WORK TASK: All lines from the one with "开年杀疯热搜！从入选名人堂到米兰时装周，马龙定义六边形战士新高度｜体坛记忆" through the final line below are to be reproduced exactly; omit the others.

[Opening DATA RECORDS section]

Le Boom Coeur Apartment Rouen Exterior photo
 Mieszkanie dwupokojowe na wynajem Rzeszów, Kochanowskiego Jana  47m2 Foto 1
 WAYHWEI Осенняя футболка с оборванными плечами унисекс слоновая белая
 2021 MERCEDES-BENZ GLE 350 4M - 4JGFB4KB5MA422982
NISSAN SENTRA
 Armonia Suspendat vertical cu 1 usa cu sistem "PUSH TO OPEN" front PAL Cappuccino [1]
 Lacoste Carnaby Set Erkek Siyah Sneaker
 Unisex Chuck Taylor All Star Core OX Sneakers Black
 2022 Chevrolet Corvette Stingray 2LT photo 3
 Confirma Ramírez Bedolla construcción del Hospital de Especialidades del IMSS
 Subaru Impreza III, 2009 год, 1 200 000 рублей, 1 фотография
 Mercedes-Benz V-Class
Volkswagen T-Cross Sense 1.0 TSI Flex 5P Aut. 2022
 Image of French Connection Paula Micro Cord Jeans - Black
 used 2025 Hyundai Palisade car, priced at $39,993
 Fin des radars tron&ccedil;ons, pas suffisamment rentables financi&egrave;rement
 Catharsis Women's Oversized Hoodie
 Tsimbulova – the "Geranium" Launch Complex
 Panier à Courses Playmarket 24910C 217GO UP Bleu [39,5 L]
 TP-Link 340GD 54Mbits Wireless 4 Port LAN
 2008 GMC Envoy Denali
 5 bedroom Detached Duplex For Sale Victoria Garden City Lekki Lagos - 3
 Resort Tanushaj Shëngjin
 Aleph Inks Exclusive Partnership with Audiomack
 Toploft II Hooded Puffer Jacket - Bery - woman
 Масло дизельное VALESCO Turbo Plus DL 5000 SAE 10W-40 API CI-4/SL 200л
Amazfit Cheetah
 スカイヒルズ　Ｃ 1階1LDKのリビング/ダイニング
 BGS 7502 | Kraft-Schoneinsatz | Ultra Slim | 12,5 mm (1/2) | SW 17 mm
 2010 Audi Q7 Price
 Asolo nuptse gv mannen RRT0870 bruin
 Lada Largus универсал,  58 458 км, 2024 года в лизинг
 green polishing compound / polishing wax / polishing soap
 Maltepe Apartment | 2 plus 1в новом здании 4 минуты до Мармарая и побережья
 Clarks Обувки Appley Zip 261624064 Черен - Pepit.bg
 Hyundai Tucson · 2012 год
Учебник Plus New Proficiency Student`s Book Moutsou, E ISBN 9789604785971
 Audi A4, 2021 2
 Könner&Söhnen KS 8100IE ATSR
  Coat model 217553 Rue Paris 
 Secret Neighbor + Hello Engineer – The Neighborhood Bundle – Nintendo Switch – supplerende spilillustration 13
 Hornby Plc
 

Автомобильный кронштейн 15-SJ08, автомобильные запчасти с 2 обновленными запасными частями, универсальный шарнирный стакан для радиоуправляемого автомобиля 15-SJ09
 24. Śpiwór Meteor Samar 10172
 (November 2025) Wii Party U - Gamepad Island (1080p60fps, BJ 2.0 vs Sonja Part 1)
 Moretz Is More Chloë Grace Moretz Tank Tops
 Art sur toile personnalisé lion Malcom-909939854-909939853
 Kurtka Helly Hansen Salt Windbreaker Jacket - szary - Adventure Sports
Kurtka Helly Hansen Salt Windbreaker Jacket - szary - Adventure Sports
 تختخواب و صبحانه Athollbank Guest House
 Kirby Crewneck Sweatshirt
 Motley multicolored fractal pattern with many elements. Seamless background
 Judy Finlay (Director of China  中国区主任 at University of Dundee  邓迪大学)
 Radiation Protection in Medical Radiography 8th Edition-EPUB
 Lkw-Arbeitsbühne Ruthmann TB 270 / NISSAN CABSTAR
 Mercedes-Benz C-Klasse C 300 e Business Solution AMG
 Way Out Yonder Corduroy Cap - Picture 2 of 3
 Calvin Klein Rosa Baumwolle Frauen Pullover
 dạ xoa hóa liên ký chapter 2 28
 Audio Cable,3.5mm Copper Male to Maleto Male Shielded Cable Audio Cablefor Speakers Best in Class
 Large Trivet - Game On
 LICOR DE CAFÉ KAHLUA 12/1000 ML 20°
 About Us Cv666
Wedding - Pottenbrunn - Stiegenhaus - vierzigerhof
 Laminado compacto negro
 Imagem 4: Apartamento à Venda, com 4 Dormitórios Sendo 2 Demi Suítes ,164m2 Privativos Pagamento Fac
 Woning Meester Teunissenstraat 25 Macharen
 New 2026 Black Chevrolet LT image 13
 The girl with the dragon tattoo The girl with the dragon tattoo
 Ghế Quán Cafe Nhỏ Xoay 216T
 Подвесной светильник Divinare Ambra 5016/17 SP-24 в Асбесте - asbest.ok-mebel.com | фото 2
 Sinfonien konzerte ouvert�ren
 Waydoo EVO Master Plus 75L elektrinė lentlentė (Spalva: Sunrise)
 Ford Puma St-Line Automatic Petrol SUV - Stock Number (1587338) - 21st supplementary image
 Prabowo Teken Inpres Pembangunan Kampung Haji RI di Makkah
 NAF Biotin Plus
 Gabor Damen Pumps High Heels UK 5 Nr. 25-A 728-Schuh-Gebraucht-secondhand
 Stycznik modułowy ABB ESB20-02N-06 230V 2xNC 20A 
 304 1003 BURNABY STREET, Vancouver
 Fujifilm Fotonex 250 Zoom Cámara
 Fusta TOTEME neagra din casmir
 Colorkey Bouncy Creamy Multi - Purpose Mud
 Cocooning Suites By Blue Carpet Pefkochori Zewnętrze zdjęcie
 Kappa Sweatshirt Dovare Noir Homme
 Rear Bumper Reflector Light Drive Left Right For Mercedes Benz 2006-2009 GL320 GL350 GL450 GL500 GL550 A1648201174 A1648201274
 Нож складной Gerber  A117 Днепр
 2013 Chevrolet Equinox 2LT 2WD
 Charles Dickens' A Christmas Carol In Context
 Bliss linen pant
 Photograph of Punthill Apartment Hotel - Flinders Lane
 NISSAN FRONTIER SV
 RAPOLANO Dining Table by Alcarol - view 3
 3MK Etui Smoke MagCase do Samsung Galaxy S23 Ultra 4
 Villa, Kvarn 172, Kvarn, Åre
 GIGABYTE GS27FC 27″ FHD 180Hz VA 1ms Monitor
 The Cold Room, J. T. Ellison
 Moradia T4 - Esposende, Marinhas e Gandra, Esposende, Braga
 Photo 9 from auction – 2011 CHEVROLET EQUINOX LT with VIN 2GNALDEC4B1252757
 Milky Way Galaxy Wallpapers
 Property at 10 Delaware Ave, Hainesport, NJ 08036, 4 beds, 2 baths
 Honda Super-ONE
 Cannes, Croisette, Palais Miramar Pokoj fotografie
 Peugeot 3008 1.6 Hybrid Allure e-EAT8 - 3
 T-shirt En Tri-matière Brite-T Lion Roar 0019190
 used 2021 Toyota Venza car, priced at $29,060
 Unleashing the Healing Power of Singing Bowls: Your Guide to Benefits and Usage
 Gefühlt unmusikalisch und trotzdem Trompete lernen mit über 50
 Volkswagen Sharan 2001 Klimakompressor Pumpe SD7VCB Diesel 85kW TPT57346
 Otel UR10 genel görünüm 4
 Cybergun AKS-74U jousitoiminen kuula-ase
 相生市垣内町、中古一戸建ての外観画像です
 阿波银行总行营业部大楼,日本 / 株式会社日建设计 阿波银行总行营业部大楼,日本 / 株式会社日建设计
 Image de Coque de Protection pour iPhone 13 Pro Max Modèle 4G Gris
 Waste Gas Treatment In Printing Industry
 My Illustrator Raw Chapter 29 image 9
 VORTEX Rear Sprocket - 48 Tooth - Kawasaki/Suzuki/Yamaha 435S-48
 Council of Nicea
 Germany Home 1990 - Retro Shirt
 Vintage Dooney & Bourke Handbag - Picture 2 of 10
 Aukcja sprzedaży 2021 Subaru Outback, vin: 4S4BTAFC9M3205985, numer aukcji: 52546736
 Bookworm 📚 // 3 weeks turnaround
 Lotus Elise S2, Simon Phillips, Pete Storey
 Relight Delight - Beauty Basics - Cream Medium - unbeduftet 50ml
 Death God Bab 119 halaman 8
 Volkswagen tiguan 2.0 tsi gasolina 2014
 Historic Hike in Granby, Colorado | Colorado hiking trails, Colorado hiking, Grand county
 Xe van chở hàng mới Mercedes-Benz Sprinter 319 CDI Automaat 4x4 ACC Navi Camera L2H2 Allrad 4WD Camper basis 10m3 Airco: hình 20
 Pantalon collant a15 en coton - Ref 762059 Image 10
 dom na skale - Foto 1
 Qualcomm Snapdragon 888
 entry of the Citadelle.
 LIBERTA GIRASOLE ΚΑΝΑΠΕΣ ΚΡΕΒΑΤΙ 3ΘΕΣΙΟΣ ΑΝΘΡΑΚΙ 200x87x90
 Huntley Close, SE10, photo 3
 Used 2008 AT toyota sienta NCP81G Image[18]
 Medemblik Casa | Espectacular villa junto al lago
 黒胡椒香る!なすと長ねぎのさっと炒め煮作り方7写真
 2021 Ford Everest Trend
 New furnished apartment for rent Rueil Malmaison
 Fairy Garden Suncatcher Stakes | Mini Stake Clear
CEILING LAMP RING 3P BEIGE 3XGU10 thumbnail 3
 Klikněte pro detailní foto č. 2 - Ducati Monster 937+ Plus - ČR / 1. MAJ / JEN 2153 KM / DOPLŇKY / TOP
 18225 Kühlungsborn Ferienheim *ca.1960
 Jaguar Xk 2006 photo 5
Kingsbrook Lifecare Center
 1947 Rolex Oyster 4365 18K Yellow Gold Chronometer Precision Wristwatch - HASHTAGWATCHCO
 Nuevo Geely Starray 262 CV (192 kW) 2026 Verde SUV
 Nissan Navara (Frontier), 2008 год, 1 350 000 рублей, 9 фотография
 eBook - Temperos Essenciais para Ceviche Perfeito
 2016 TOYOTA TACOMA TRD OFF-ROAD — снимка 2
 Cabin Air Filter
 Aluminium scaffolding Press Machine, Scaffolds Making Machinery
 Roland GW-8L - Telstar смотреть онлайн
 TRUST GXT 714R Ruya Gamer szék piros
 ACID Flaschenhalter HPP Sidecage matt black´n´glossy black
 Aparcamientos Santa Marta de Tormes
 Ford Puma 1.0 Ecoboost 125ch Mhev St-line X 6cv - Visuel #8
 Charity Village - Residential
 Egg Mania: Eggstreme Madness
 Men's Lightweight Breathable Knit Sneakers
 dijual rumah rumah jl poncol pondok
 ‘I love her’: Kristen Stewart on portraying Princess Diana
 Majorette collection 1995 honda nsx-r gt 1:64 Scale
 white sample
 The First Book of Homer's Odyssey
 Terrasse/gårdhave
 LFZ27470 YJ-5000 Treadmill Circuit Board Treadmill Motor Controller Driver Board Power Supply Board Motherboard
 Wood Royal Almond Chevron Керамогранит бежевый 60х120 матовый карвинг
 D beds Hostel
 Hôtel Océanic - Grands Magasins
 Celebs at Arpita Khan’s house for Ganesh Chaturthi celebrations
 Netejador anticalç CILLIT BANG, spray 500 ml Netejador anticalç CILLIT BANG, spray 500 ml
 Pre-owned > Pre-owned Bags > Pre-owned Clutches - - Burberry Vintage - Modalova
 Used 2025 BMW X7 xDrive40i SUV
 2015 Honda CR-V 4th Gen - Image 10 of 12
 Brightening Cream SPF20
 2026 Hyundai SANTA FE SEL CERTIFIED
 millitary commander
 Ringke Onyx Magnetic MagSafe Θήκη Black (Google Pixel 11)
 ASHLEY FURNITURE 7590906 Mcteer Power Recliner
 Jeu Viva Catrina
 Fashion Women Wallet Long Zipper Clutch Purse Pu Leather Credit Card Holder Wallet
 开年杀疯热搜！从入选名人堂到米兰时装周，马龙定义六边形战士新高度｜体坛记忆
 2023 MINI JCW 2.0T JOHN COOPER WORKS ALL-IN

[Closing DATA RECORDS section]

YOUR RESPONSE:
 开年杀疯热搜！从入选名人堂到米兰时装周，马龙定义六边形战士新高度｜体坛记忆
 2023 MINI JCW 2.0T JOHN COOPER WORKS ALL-IN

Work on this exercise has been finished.